Wenn die Angst regiert

Anteilnahme und Hilfsbereitschaft sind wichtig. Aber trotzdem darf auch in Krisen Freude noch sein

Kürzlich wurde ich gefragt, ob man noch Spaß haben darf. Jetzt, wo Krieg herrscht in Europa. Natürlich darf man. Es sei sogar wichtig, sagen Expertinnen und Experten. Wer sich rund um die Uhr grämt, verliert Kraft und tut sich und anderen nichts Gutes. Wem es gelingt, abzuschalten von den schrecklichen Nachrichten, der sollte dabei kein schlechtes Gewissen haben. Im Gegenteil: Sport, Musik, Natur, Filme oder Bücher helfen, in Krisen die psychische Gesundheit zu erhalten. Die Frage ist vielleicht eher, wie man es denn hinbekommt, sich nicht verrückt machen zu lassen.

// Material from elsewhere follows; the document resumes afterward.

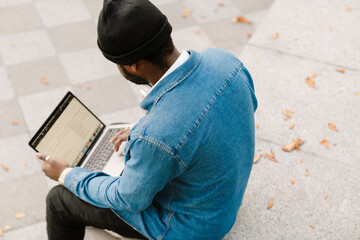 Black young man working with laptop while sitting on bench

Ich habe es selbst erlebt: Kurz vorm Schlafengehen las ich auf Twitter „live“ von den Kampfhandlungen am ukrainischen Atomkraftwerk Saporischschja. Das war ein Fehler. Das Smartphone hätte ausgeschaltet bleiben sollen, denn nun war ich mitten in der Nacht aufs Äußerste beunruhigt.

Klar, wer sich gar nicht informiert, verschließt die Augen vor der bitteren Wirklichkeit. Aber es kann auch ein „zu viel“ geben. Gute Bekannte haben mir von Angst- und Schlafstörungen berichtet. Das hilft niemandem. Es braucht vermutlich bewusste Auszeiten vom News-Ticker, um den Alltag gut bestehen zu können. Die so gewonnene Zeit und Energie können dann hilfreich genutzt werden.

Menschen spenden Geld für die Ukraine, wollen den Flüchtenden helfen. Manche nehmen Familien in ihren Wohnungen oder Gemeindehäusern auf. Andere gehen auf die Straße, demonstrieren oder versammeln sich zu Friedensgebeten. Das Video, auf dem Tausende vor dem Brandenburger Tor „Donna nobis pacem“ singen, verbreitete sich in Windeseile im Internet. „Schenke uns Frieden!“, dieses gesungene Gebet rührt die Menschen an. Im Gottesdienst am Sonntag hatte ich bei dem schlichten liturgischen Ruf „Herr, erbarme dich“ einen Kloß im Hals. Und als der Organist zum Ausgang „Imagine“ von John Lennon spielte, lief manche Träne bei den Gottesdienstteilnehmern.

Viele sind dünnhäutig in diesen Wochen. Eine Freundin sagte mir dieser Tage am Telefon, ihr ganzes Wertesystem gerate durcheinander. Dazu die Angst vor einer Eskalation des Krieges. Die Bedrohung durch Atomwaffen, die in den 80er Jahren allgegenwärtig war, schien überwunden. Der kalte Krieg und die mörderische Aufrüstung waren vorbei.

Aber die Sicherheit, in der man sich in Deutschland wähnte, war trügerisch. Krieg gab es immer, in vielen Ländern dieser Welt. Nur waren die NATO und der Westen nicht direkt bedroht. Das ändert sich jetzt und macht Angst, vermischt mit schrecklichen Bildern aus der Ukraine, die eben nicht nur gezielte Angriffe auf militärische Ziele zeigen, sondern Verletzte und Tote, zerstörte Wohnhäuser und mehr als eine Million Flüchtende.

All diese Eindrücke müssen verarbeitet werden. Und dazu gehört das Gespräch, auch das Gespräch mit Gott. Christinnen und Christen beten, zünden Kerzen an. Menschen tauschen sich über ihre Sorgen und ihr Entsetzen aus. In der Schule, in der Familie, im Freundeskreis, aber auch an der Tankstelle und im Supermarkt.

Es ist zu spüren: Kaum jemand, den die Weltlage kalt lässt. Was allerdings nervt: Wenn Menschen sich über andere empören, weil jeder eben anders mit der Situation umgeht. Hier gibt es kein richtig oder falsch. Wer auch mal Spaß haben möchte, darf eben Spaß haben. Ernst ist die Lage so oder so.